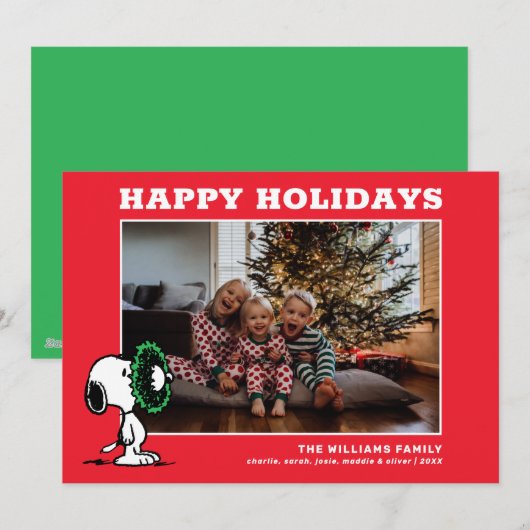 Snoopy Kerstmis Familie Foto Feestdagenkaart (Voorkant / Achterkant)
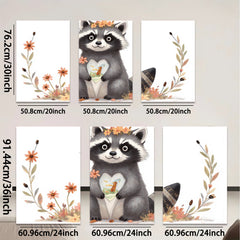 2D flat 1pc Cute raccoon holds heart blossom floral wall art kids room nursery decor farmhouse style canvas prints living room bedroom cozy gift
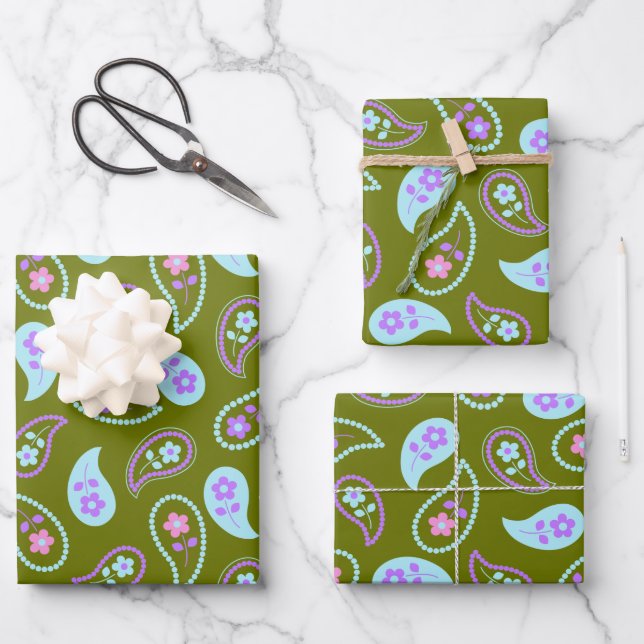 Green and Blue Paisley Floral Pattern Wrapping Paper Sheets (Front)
...
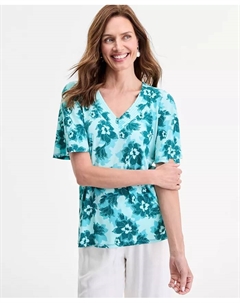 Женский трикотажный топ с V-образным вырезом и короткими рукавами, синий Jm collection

● **Required work**: Within the listing above, the lines starting at the one containing "Snoopy Kerstmis Familie" and ending at the one containing "Green and Blue" are to be returned exactly. Omit the pictures.

● **Written answer**:
 Snoopy Kerstmis Familie Foto Feestdagenkaart (Voorkant / Achterkant)
 2D flat 1pc Cute raccoon holds heart blossom floral wall art kids room nursery decor farmhouse style canvas prints living room bedroom cozy gift
 Green and Blue Paisley Floral Pattern Wrapping Paper Sheets (Front)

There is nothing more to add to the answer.